Hundreds celebrate Saskatoon’s first two-spirit powwow at University of Saskatchewan
The Bowl at the University of Saskatchewan was filled with dancers for Saskatoon’s first two-spirit powwow on Saturday afternoon.
The powwow aimed to create a safe space for all people, especially two-spirit people, a term which was coined in Winnipeg in 1990.
“We made this name ‘two-spirit’ because we were different than the queer community; we were queer and Indigenous. We lived from an Indigenous worldview, which is a spirit-based worldview,” said Marjorie Beaucage, OUTSaskatoon’s two-spirit elder.
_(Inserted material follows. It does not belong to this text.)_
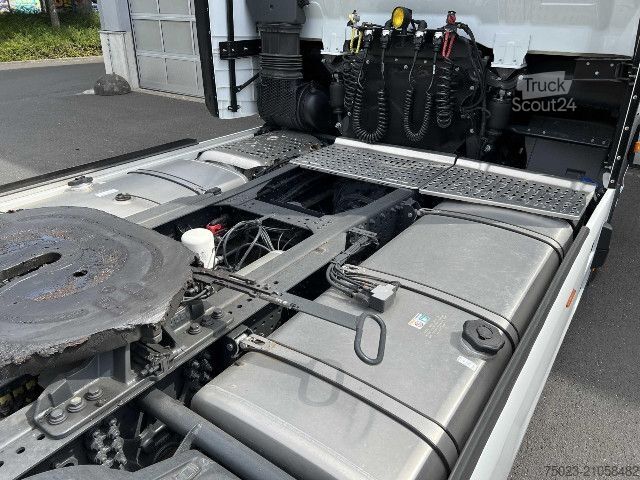 Tracteur routier standard IVECO AS440S50T/FP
“There wasn’t a word in mainstream media, or mainstream LGBTQ language, that acknowledged the historical acceptance of queer Indigenous people in Indigenous communities prior to colonization,” said Jack Saddleback, the cultural coordinator with OUTSaskatoon.
Saddleback is a Cree, transgender, gay man, who identifies as two-spirit.
“I feel it is most definitely time for this conversation to happen,” said Saddleback.
“There is still so much that we need to do. With the high suicide rates of two-spirited individuals, with the high addiction rates, and with the high [rates of] homophobia, transphobia and racism that’s happening within our communities, it just goes to show that this is simply another step in this long journey.”
The powwow was organized by OUTSaskatoon as part of Saskatoon’s two-week Pride Festival, which concludes on June 24.